いつの間にやら二人の間に妙な連帯感が生まれているらしい。
「……何の用だ?」
一応は二人の意見を取り入れたのか、吉昌が尋ねた。
真雪が満足そうに頷く。
「はい!実は陰陽頭殿に調べていただきたいことがあるのです」
先程とは打って変わり真明が真剣な顔で話を切り出す。
「先日、私の叔父上が何者かに殺害されました。供の者によると、叔父上は女性のもとに通う途中で、その夜は牛車を使わずに徒歩だったそうです」
その晩は月が綺麗なので歩こうと、真明の叔父は従者をひとりだけ連れて出掛けたという。
そうして従者が松明を持って先頭を歩き、朱雀大路を通り掛かった時だ。
背後から聞こえた主人の「ん?」という声につられて振り返ると、同じように後を振り返ろうとしていた主人の首が胴体から切り離され真っ赤な鮮血と供に飛んでいくのが見えた。

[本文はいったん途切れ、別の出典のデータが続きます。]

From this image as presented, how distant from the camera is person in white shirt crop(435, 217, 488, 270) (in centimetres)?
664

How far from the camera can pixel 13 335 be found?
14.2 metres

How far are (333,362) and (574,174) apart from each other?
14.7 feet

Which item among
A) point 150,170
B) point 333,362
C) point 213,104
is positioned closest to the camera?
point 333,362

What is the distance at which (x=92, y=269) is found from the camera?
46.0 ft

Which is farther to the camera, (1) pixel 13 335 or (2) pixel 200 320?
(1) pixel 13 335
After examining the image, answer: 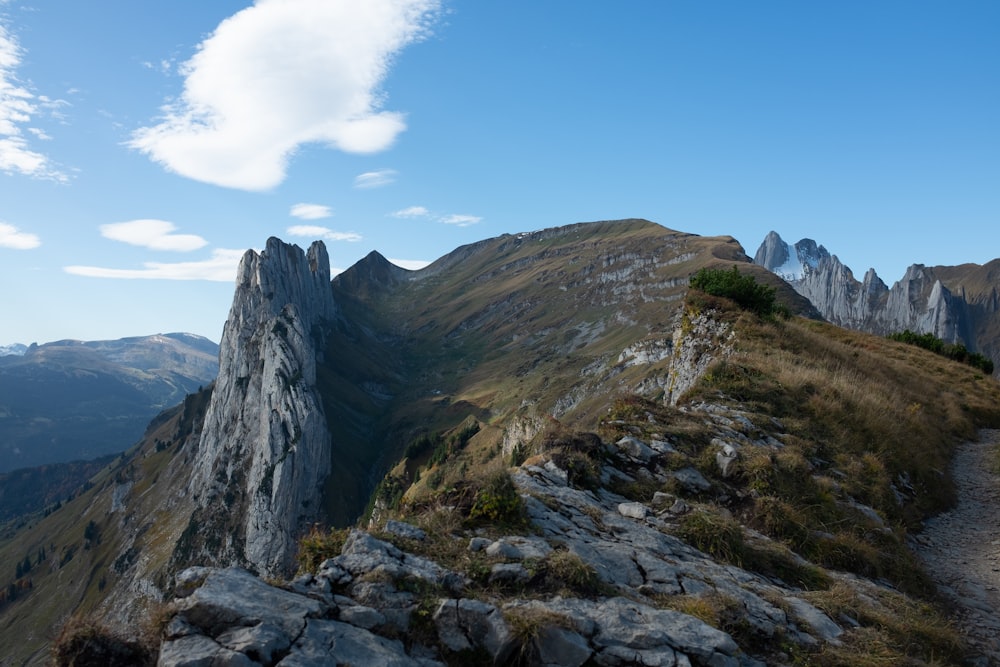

「従者が言うには、叔父は、まるで何かに背後から呼ばれたようだったと言います。その時あったのは月が作り出す影ばかりで、犯人の姿はなかったそうです」
真明は身内の忌み事だというのに躊躇うこともなく事の顛末を話した。
「このような怪異は他にも起こっていると聞きました。陰陽頭殿はどう思われますか?」
真明が吉昌を見やる。
「……後神か」
吉昌がぽつりと呟いた。
「後神?」
聞き慣れない言葉に真明と真雪が聞き返す。
「臆病神の一種だ。夜道で背後から肩を叩いたり袖を引っ張ったりして人間を脅かす。ただ、人の恐怖心を煽るだけで、実際に害を為すことはないのだが……」
吉昌は考え込むように、再び黙した。
「陰陽頭殿……?」
「……今宵、橘左近衛少曹の屋敷に行く。お前も来るか?」
「左近衛少曹といわれると、橘惟次殿ですか?父上の部下の……」
話題の飛躍に多少面くらいながら、真明は問い返した。
「そうだ」
「……分かりました。お供させていただきます」
真明は吉昌の意図を計りかねたが、とりあえず申し出を受けるぐらいには信用していた。
真雪が弟達を見守る姉のように、優しく笑った。